TASK: Before returning the data, strip out the pictures and keep everything else exactly the same.

RECORDED DATA below:

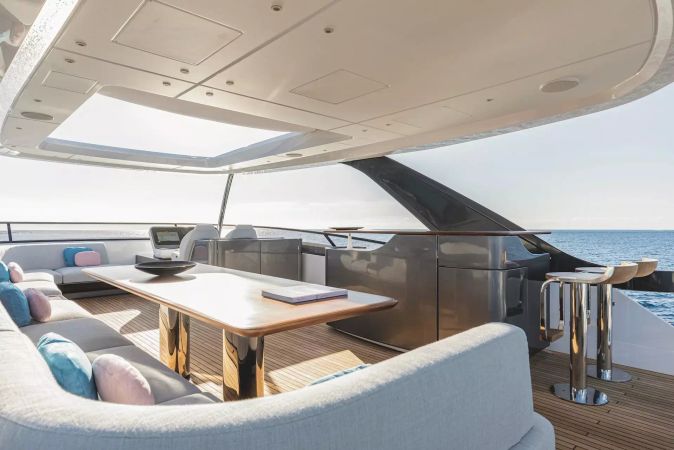 Azimut Grande 26M | First Horizon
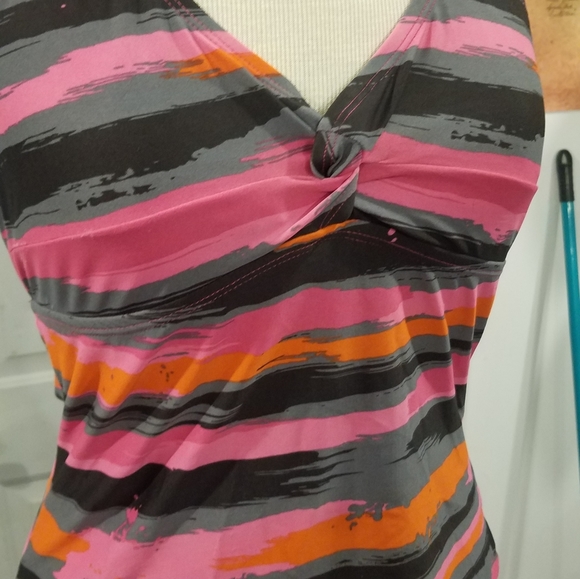 Converse swim top- size medium - Picture 13 of 13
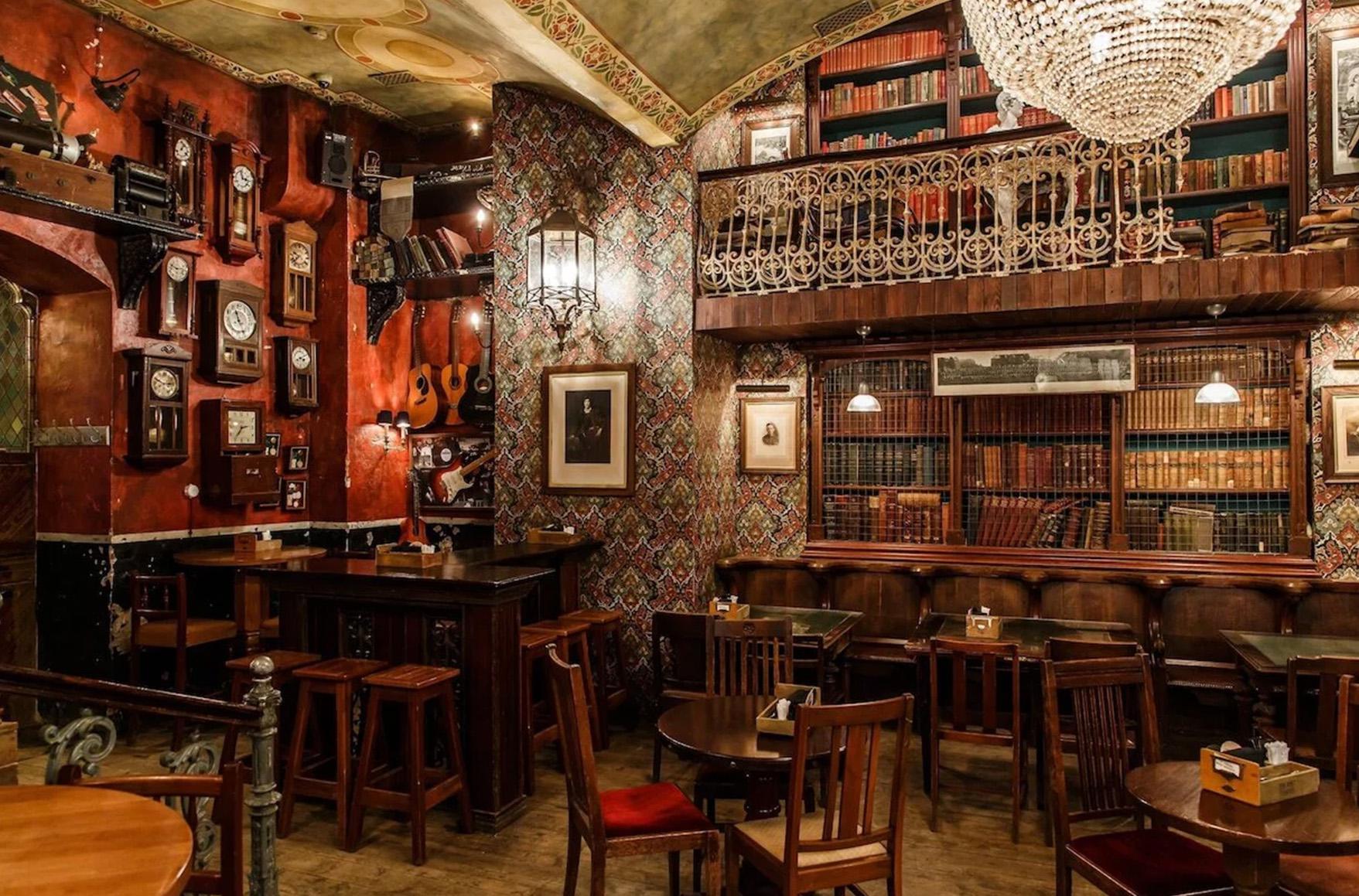Паб The Black Swan: pub & bar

End of RECORDED DATA.

ANSWER SPACE:
 Azimut Grande 26M | First Horizon
 Converse swim top- size medium - Picture 13 of 13
Паб The Black Swan: pub & bar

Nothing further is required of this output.